[Supplied data Boundary: Start]
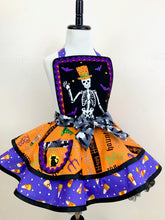 Load image into Gallery viewer, Ms.Skeleton Halloween Apron, Girl&#39;s Apron
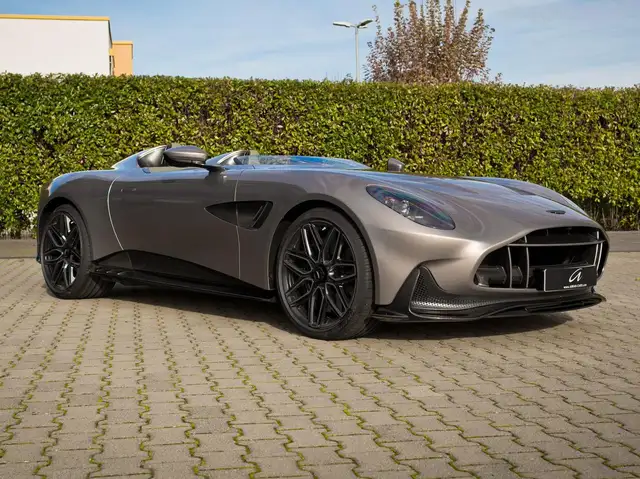 Aston Martin DB DBR22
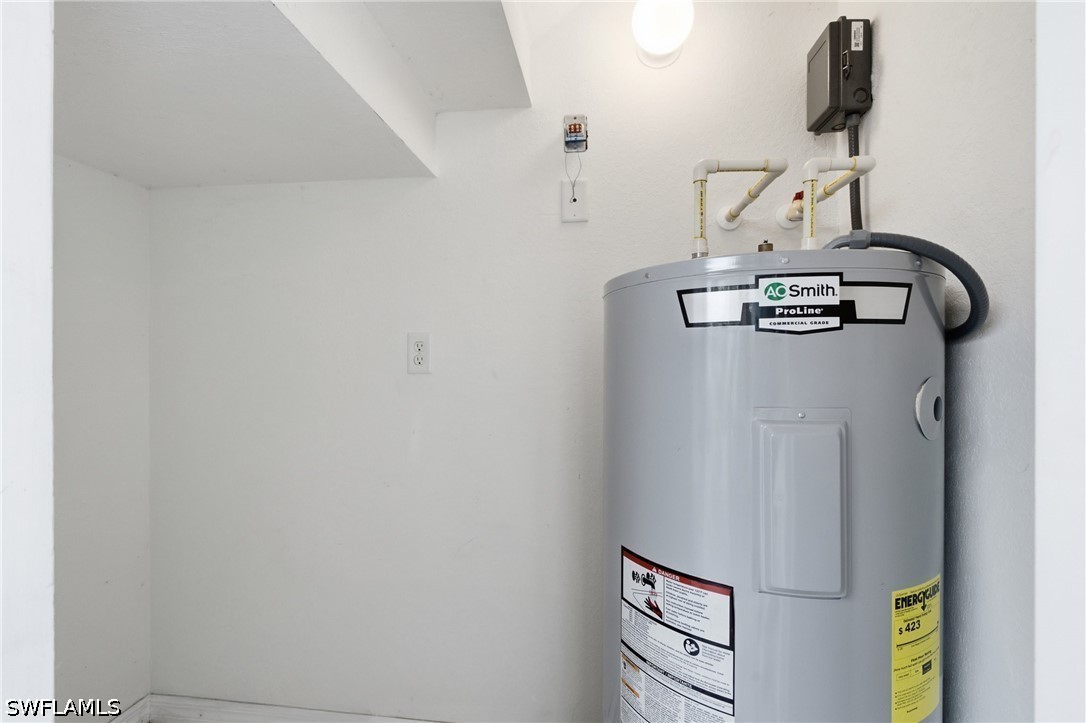 3 Bed Townhouse for Sale in Colonnade At Forum, FL, $289,000 — photo 30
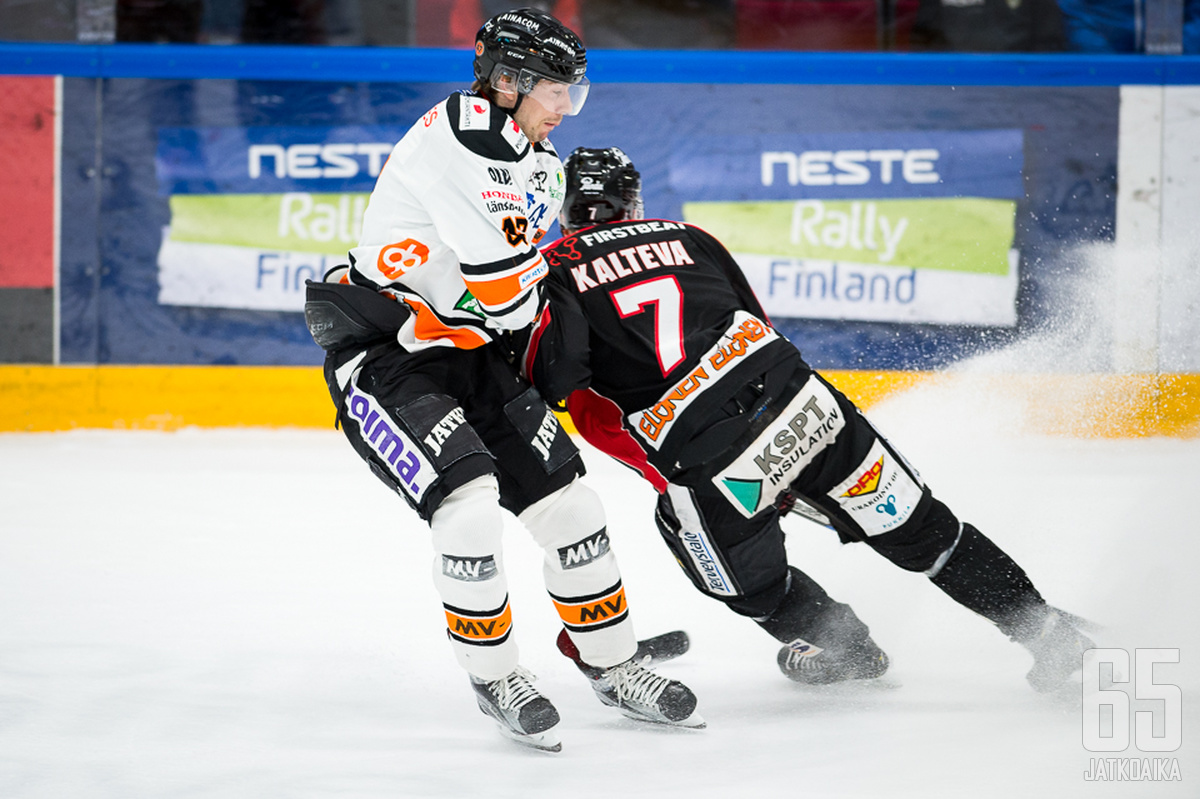 Janne Lahti oli illan ottelussa pelipäällä.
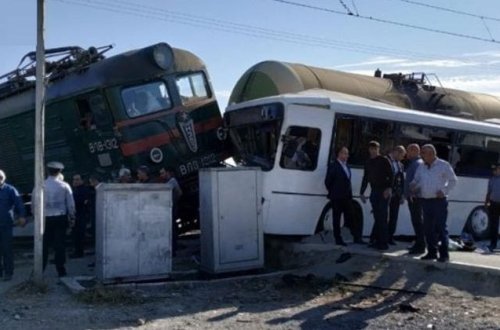 Sumqayıtda qatar avtobusla toqquşdu: Bələdçinin başı bədənindən ayrıldı - FOTO/VİDEO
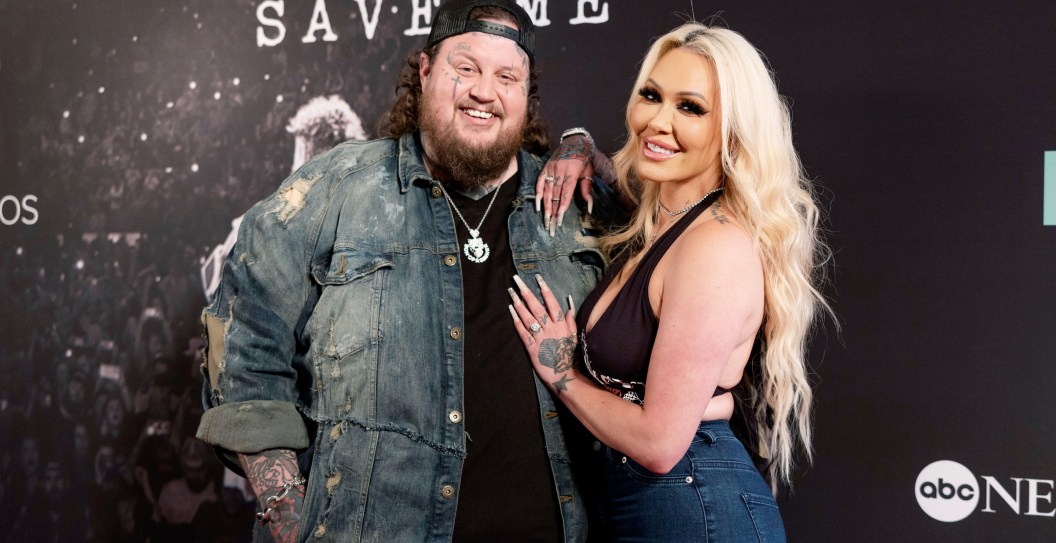Jelly Roll and Wife Bunnie XO Involved In Scary Emergency Plane Landing on Way to CMT Awards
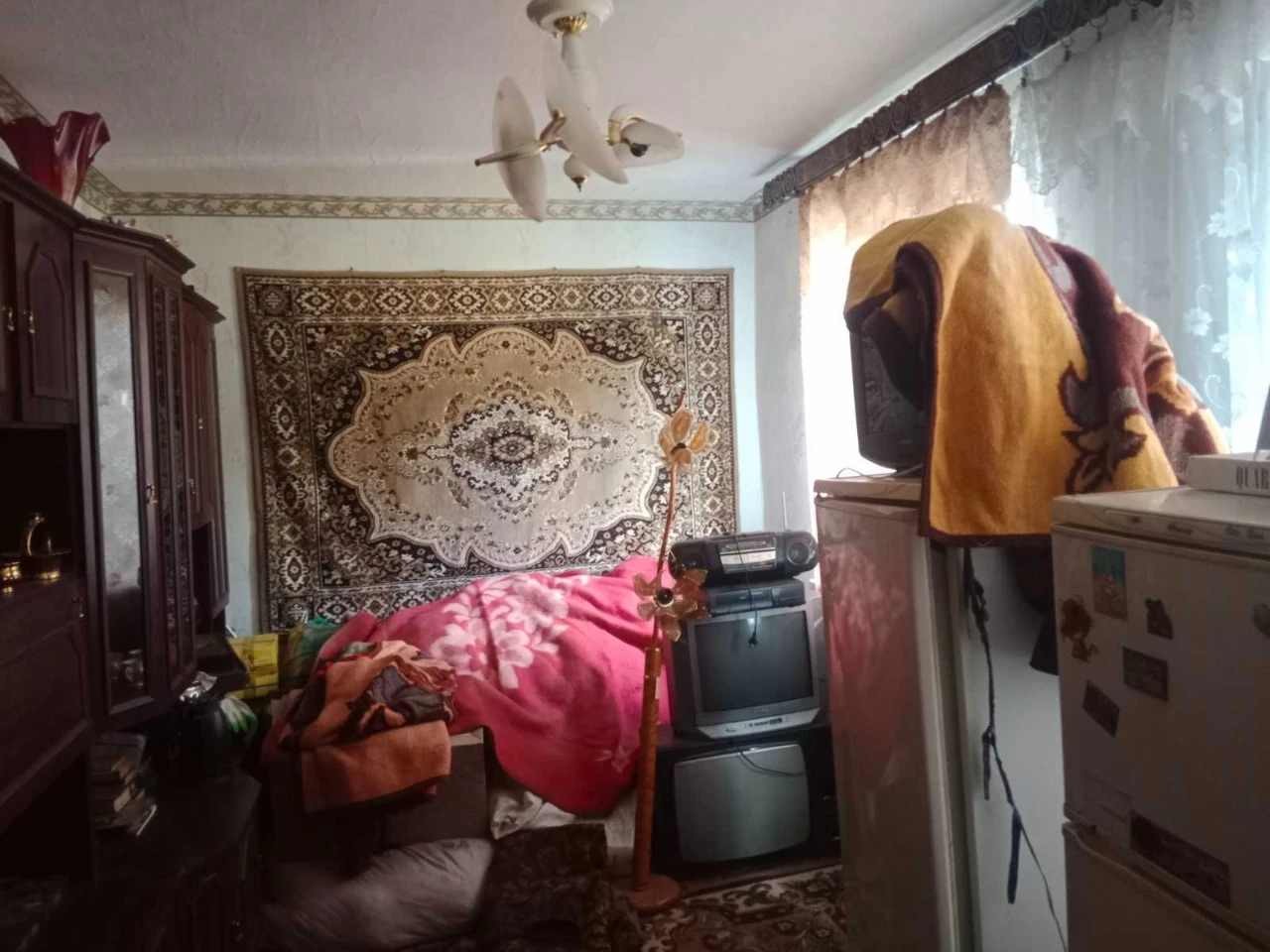 Продається будинок у м. Буринь, можна по сертифікату.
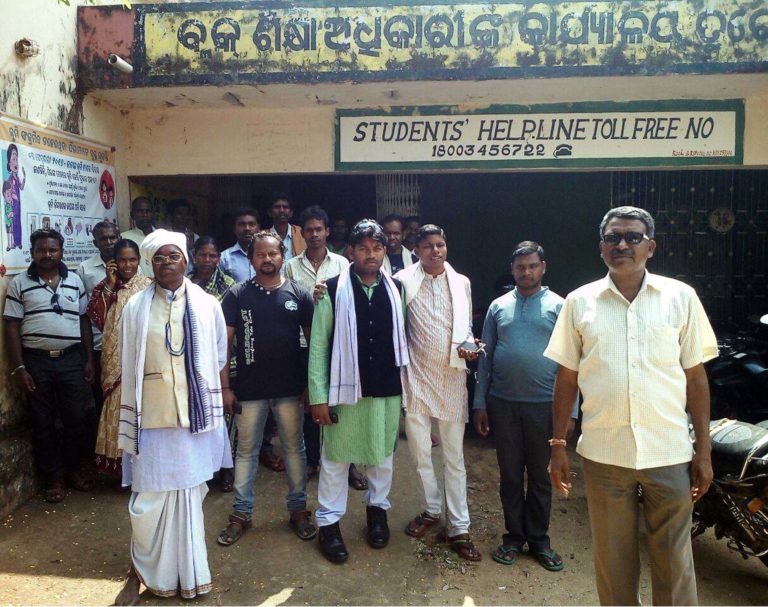 Panchayat offcial met BEO regarding playground in Turekela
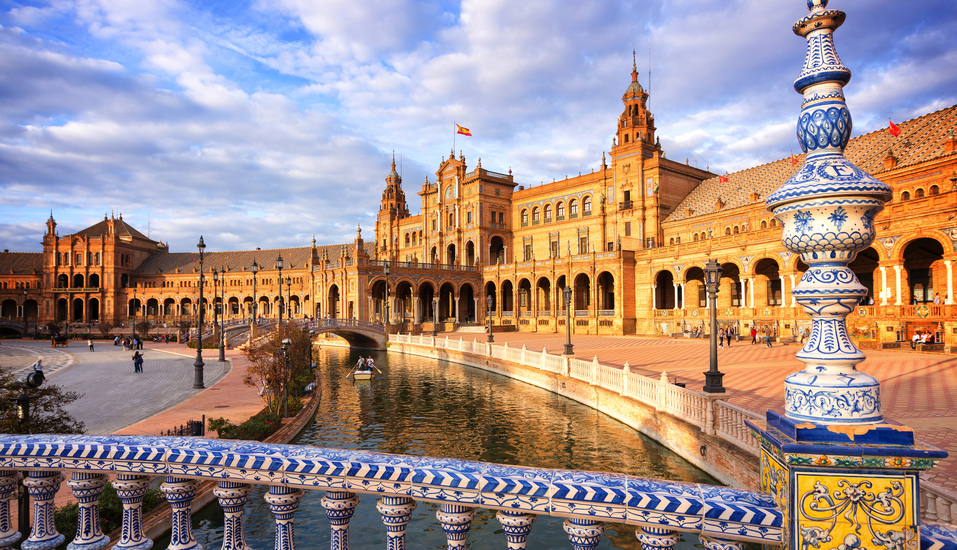Freuen Sie sich auf einen Ganztagesausflug in die Hauptstadt Andalusiens, Sevilla, mit dem Plaza de España.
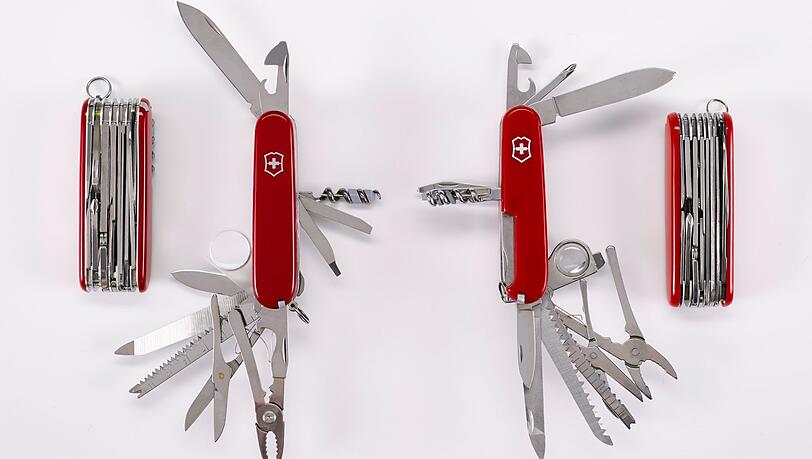 Zum Verwechseln ähnlich: Der Taschenmesser-Hersteller Victorinox wurde Opfer eines Plagiates. Links das Original, rechts die Fälschung. Zum Verwechseln ähnlich: Der Taschenmesser-Hersteller Victorinox wurde Opfer eines Plagiates. Links das Original, rechts die Fälschung.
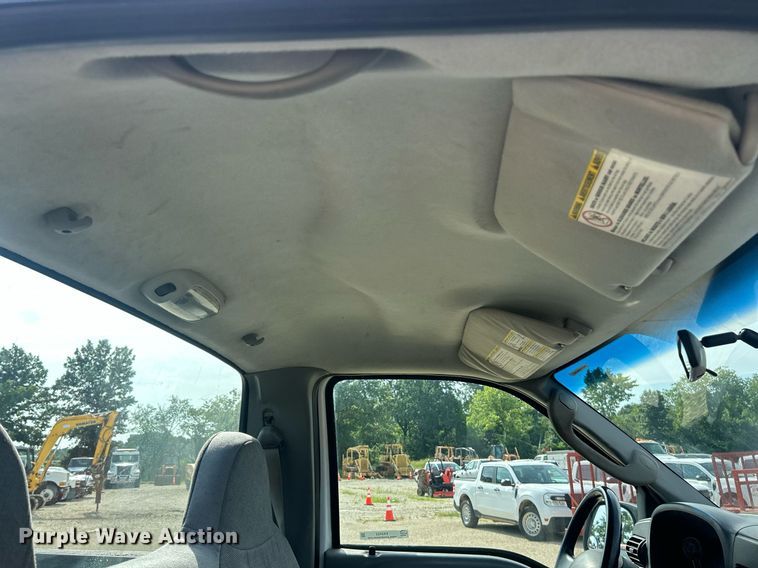 image for item EK8422 2006 Ford F250 Super Duty XL pickup truck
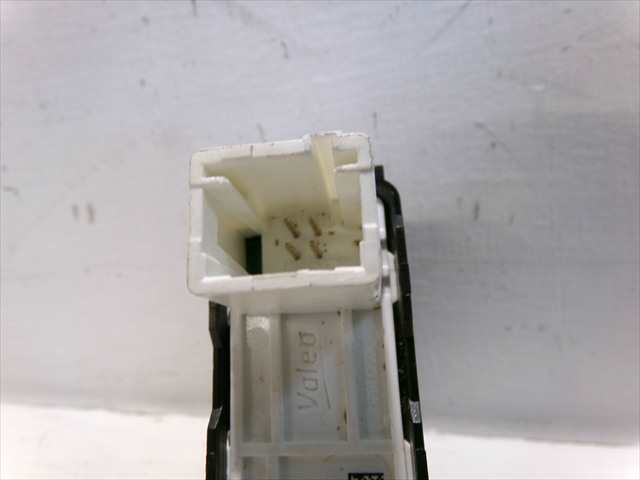 Foto 4ª: Botonera Elevalunas Opel Crossland 1.2 G 2021- [HN05] (2024)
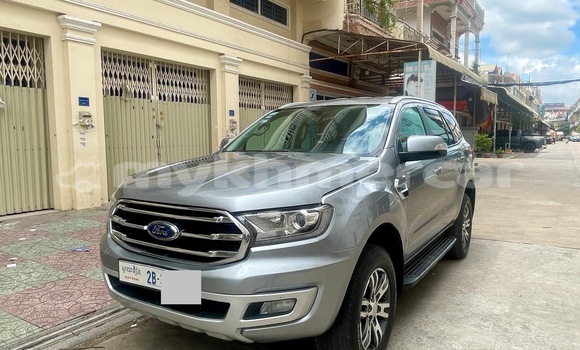 Buy Used Ford Everest Silver Car in Phnom Penh in Phnom Penh Buy Used Ford Everest Silver Car in Phnom Penh in Phnom Penh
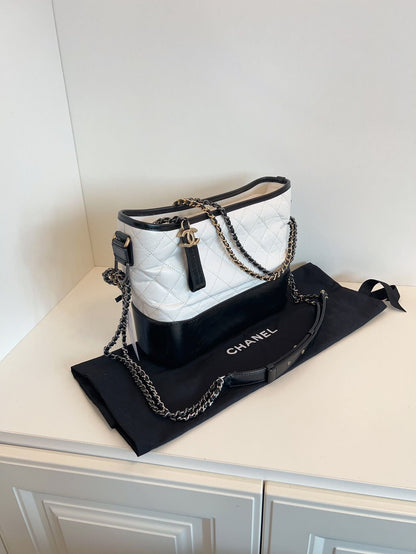 Chanel Gabrielle bag ×cm black& white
[Supplied data Boundary: End]
> **Brief**
Produce a word-for-word version of the material, with no pictures included.

> **Written reply**
 Load image into Gallery viewer, Ms.Skeleton Halloween Apron, Girl&#39;s Apron
 Aston Martin DB DBR22
 3 Bed Townhouse for Sale in Colonnade At Forum, FL, $289,000 — photo 30
 Janne Lahti oli illan ottelussa pelipäällä.
 Sumqayıtda qatar avtobusla toqquşdu: Bələdçinin başı bədənindən ayrıldı - FOTO/VİDEO
Jelly Roll and Wife Bunnie XO Involved In Scary Emergency Plane Landing on Way to CMT Awards
 Продається будинок у м. Буринь, можна по сертифікату.
 Panchayat offcial met BEO regarding playground in Turekela
Freuen Sie sich auf einen Ganztagesausflug in die Hauptstadt Andalusiens, Sevilla, mit dem Plaza de España.
 Zum Verwechseln ähnlich: Der Taschenmesser-Hersteller Victorinox wurde Opfer eines Plagiates. Links das Original, rechts die Fälschung. Zum Verwechseln ähnlich: Der Taschenmesser-Hersteller Victorinox wurde Opfer eines Plagiates. Links das Original, rechts die Fälschung.
 image for item EK8422 2006 Ford F250 Super Duty XL pickup truck
 Foto 4ª: Botonera Elevalunas Opel Crossland 1.2 G 2021- [HN05] (2024)
 Buy Used Ford Everest Silver Car in Phnom Penh in Phnom Penh Buy Used Ford Everest Silver Car in Phnom Penh in Phnom Penh
 Chanel Gabrielle bag ×cm black& white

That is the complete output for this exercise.